その後、祖父か祖母の「知り合いの女性」に引き取ってもらって、彼は見ず知らずの家庭に同居させてもらったことになる。この知り合いの女性というのは、どういう知り合いなのか、多分、近い親戚に当たるのであろうが、父にとっては赤の他人になるわけで、余り居心地のいい場所ではなかったはず。

父から聞いたことでよく思い出すことがある。

風呂を沸かしながら、地べたに木の枝で漢字の練習をしたという。
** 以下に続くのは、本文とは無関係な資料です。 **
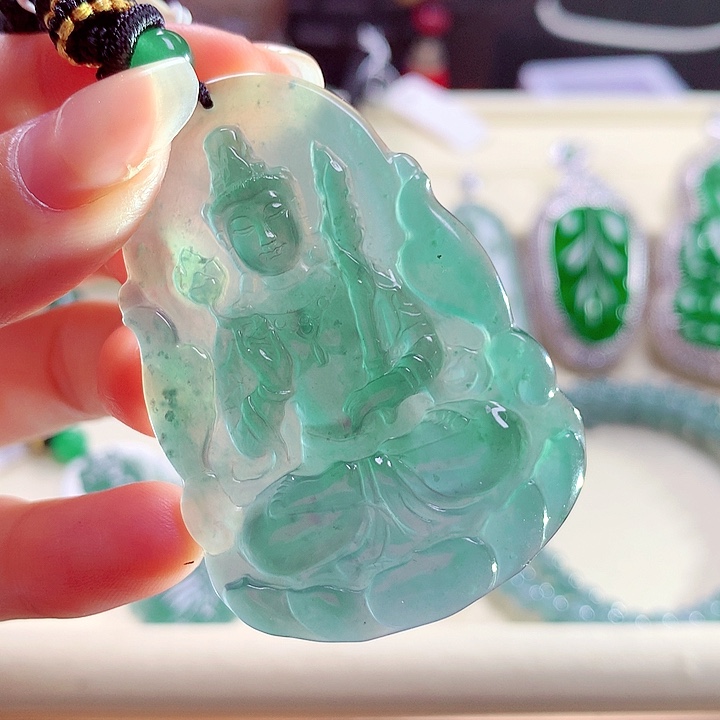 翡翠颈饰未镶嵌天然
(ノート)も光(ランプかろうそく)も自由に使えない立場で、昼間は小学校に通いながら、家に戻ってからは身を寄せていたそこの家の手伝いをやっていたらしい

明かりはないので、風呂釜のわずかな光だけ。(時代は1910年代後半です)

今のようにスイッチ一つで給湯されるわけではなく、家の外にカマドがあり、そこに紙とか、枯れ枝をクベて火を起こし、風呂を炊くという、今の人にとっては信じられないような状況だったとか。冬の季節は極寒だろう。

時代がたった100年ぐらい前だけれども、上の2行の中にも「くべる」とか、「かまど」とか、「炊く」とか、今では死語と笑われるような言葉が出てくる。

まだまだ続きそうなので、今日はこのぐらいで終了。